DATA
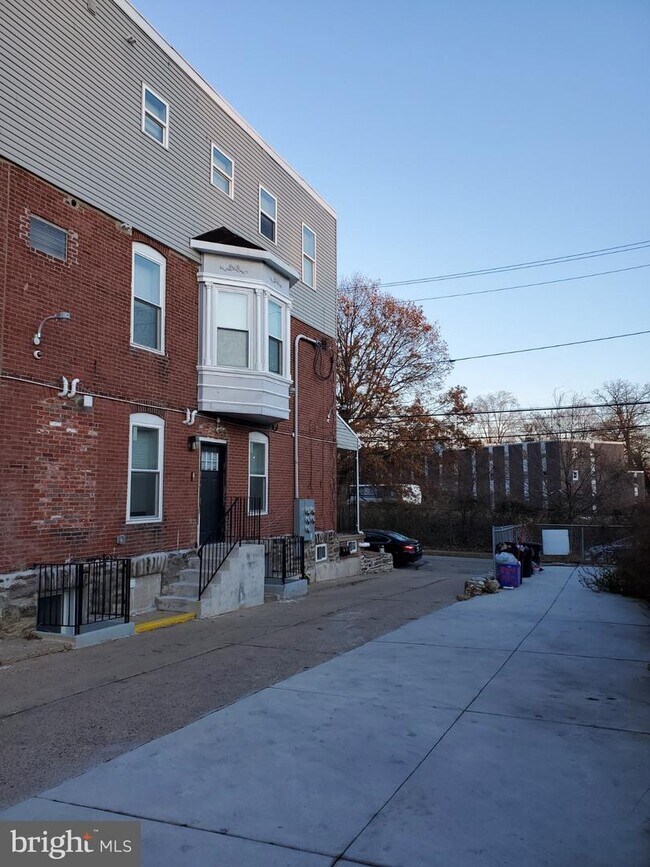 Building Photo - 859 Church Ln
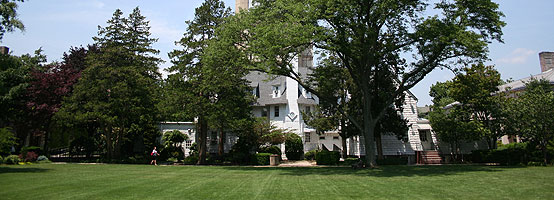 Hofstra Campus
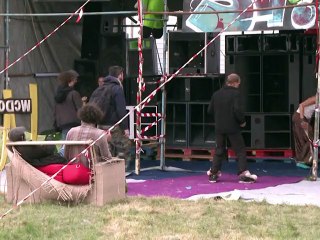 Au Teknival, une "transe" musicale collective et encadrée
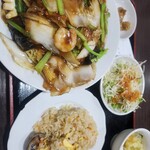 華龍飯店 - ランチ 五目やきそば＋チャーハン850円 すごいボリュームでした。1日分の野菜を食べた気に。炒飯はなくても良かったかな。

INSTRUCTIONS TO FOLLOW
The preceding listing must be repeated exactly, with all images dropped.

YOUR SOLUTION
 Building Photo - 859 Church Ln
 Hofstra Campus
 Au Teknival, une "transe" musicale collective et encadrée
 華龍飯店 - ランチ 五目やきそば＋チャーハン850円 すごいボリュームでした。1日分の野菜を食べた気に。炒飯はなくても良かったかな。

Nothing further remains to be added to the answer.